“And the winner is…” called the presenter as he carefully opened the ceremonial envelope. The huge room was filled with silent yet eager anticipation.
He then paused, wondering why everyone was suddenly talking, laughing and groaning, then dutifully took the card from the envelope, and read out the winner’s name.
What could have gone wrong? Slide synch, that’s what.
While the speaker was fiddling with his envelope, someone else advanced the slides too quickly, and revealed the winner’s name to all but the speaker before the envelope had even been opened. Doh! Not only did this make the speaker look silly, it made everyone think less of the organization of the event, both for the Powerpoint slip-up and for even using ceremonial envelopes when the winners were already on the slides.
This actually happened at a government business awards ceremony in France in June. It was the worst of many Powerpoint transgressions that evening. I felt like finding whoever created all the terrible, cluttered and ugly slides and slapping him around the face with a copy of Presentation Zen. But I am not a violent man (it’s a fairly heavy book, after all), and I remembered something Biblical telling me to forgive them their sins for they know not what they do. It’s certain they didn’t have a clue what they were doing.
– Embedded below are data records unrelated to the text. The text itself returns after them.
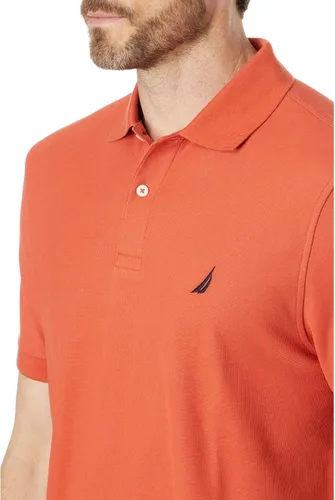 Miniatura 3 de Nautica Polo de cubierta de ajuste clásico para hombre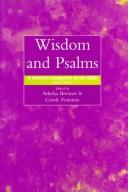 Wisdom and Psalms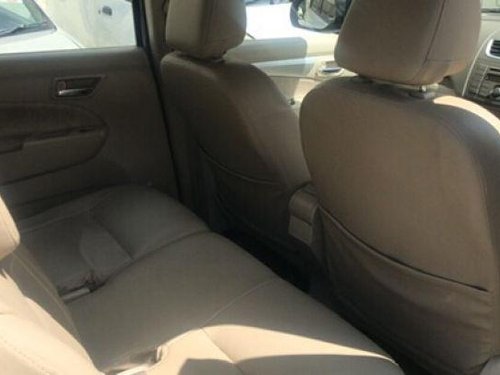 Maruti Suzuki Ertiga VDI MT 2012 for sale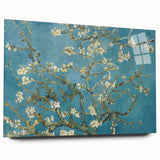 Van Gogh’s Almond Blossom - Timeless Impressionist Floral Wall Art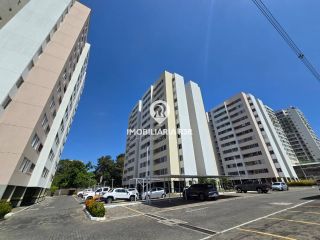 APARTAMENTO - BAIRRO RECANTO DAS PALMEIRAS, ZONA LESTE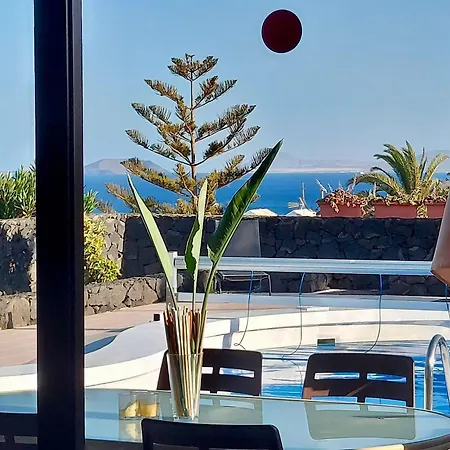Fernando Hébergement de vacances *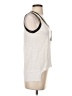 Deb Silver Sleeveless Top Size XS - photo 4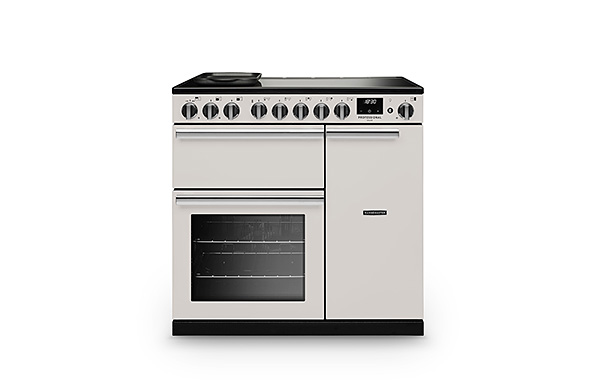Rangemaster Professional Deluxe 90 Induction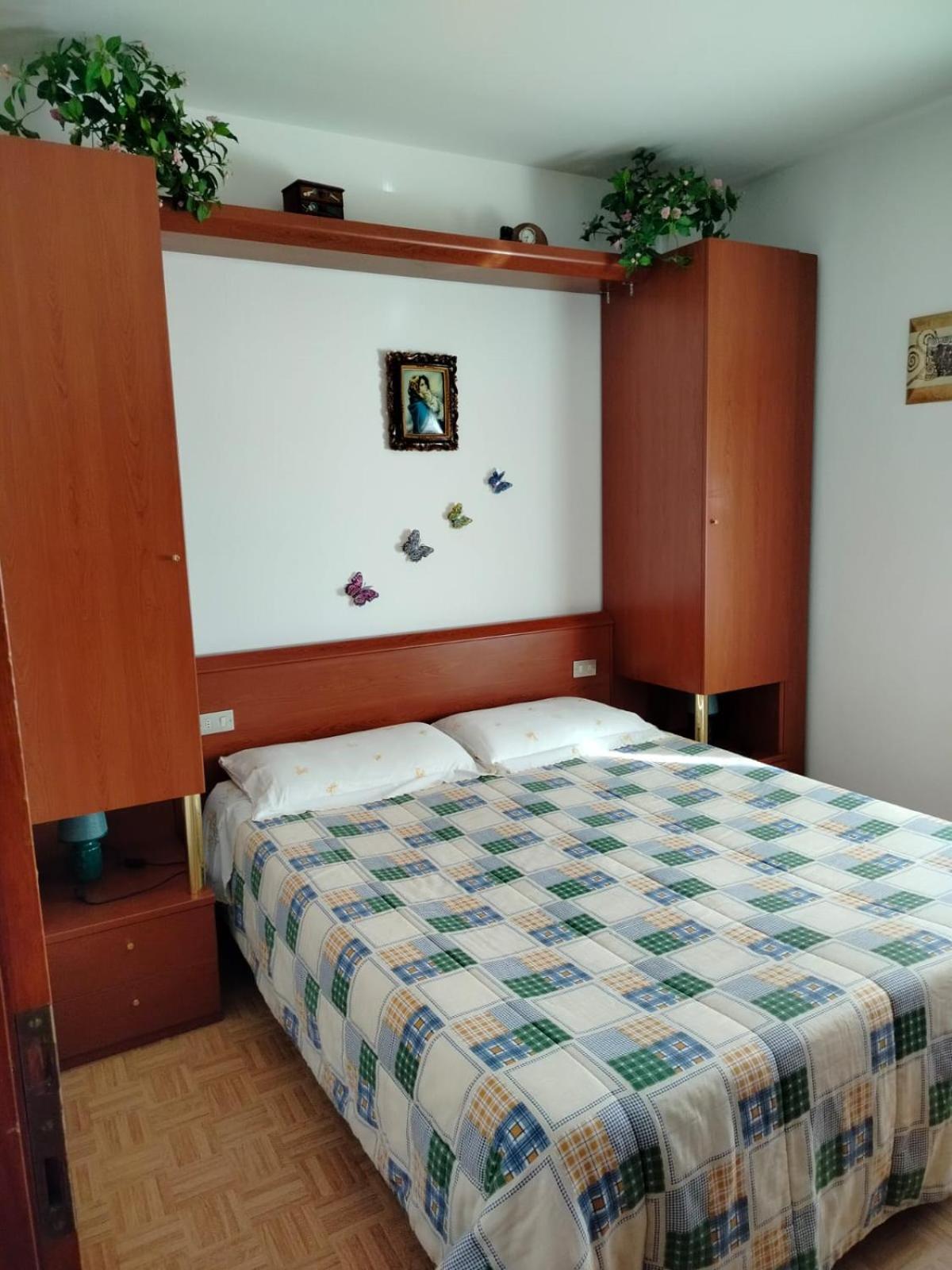 Appartamento Al Lago Levico Terme Extérieur photo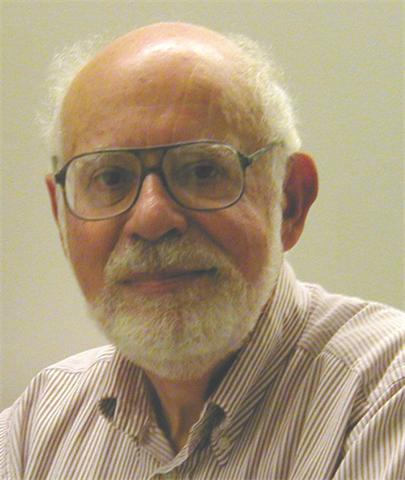 Alvin D. Sokolow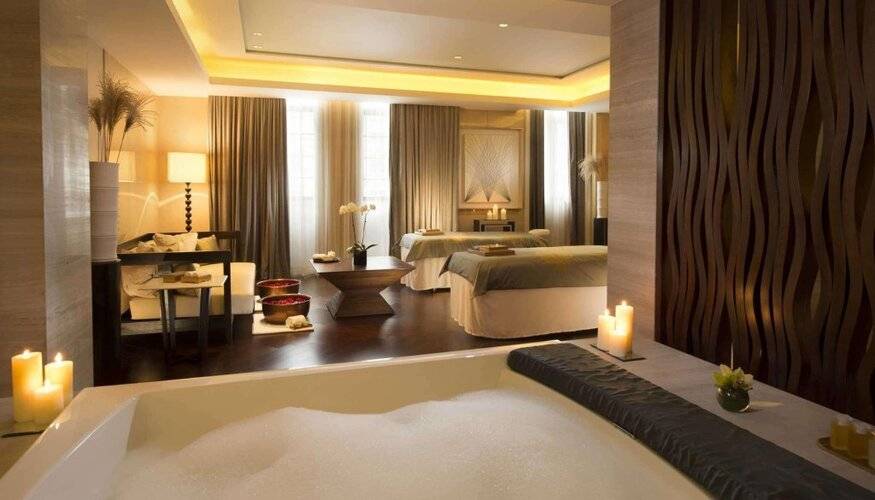Waldorf Astoria Shanghai On The Bund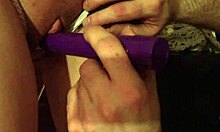 Young 18+ Italian Teen in Panties and Thong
Anyhow, what went wrong? The slides weren’t properly in synch with the talk. This can be a very difficult thing to get right if you have to advance the slides for someone else.
I have done this on two occasions. Once, I was advancing the slides for the Procter & Gamble leadership team as they were making presentations to the European Workers Council. This worked well, not only because I had created the slides myself, but also because everything was read from a script (since everything was being simultaneously translated, and the interpreters find it easier to translate from a script), and I had ensured the slide transitions were properly written into the script.
The other time was more recently, where I was advancing the slides for a customer who had not had time to rehearse, and where there was only an outline of the presentation, not a script. This worked reasonably well, but could have been better and more natural. I had created the slides and the outline and knew the subject well, and I was paying close attention – and I’m a presentation pro. If I can’t get it spot-on in those circumstances, there’s a good chance many people will end up being at least slightly out of synch, and slides which advance at just slightly the wrong time don’t look very professional.
I have two pieces of advice to avoid this kind of situation completely.
- Advance your own slides, using a clicker / laser-pointer – a hand-held widget with buttons to advance and reverse the slides, often a laser pointer, and often a useful button to switch off the projection (like hitting “B” in Powerpoint). Insist on this. Nobody can get the timing right and control things better than you can. This way, if you need to adjust the order or skip slides, it’s easy to do so – you don’t have to call out “can you please skip the next two slides?” which sounds extremely poor.
- If you can’t advance your own slides, don’t use slides at all. Seriously. It’s just not worth the risk.
Someone at that government awards ceremony didn’t take this advice, and sadly at the end of the show, everyone was talking not about the great companies who won awards, but about the cock-up in the slide synch. Is that the impression you want to leave at your next presentation?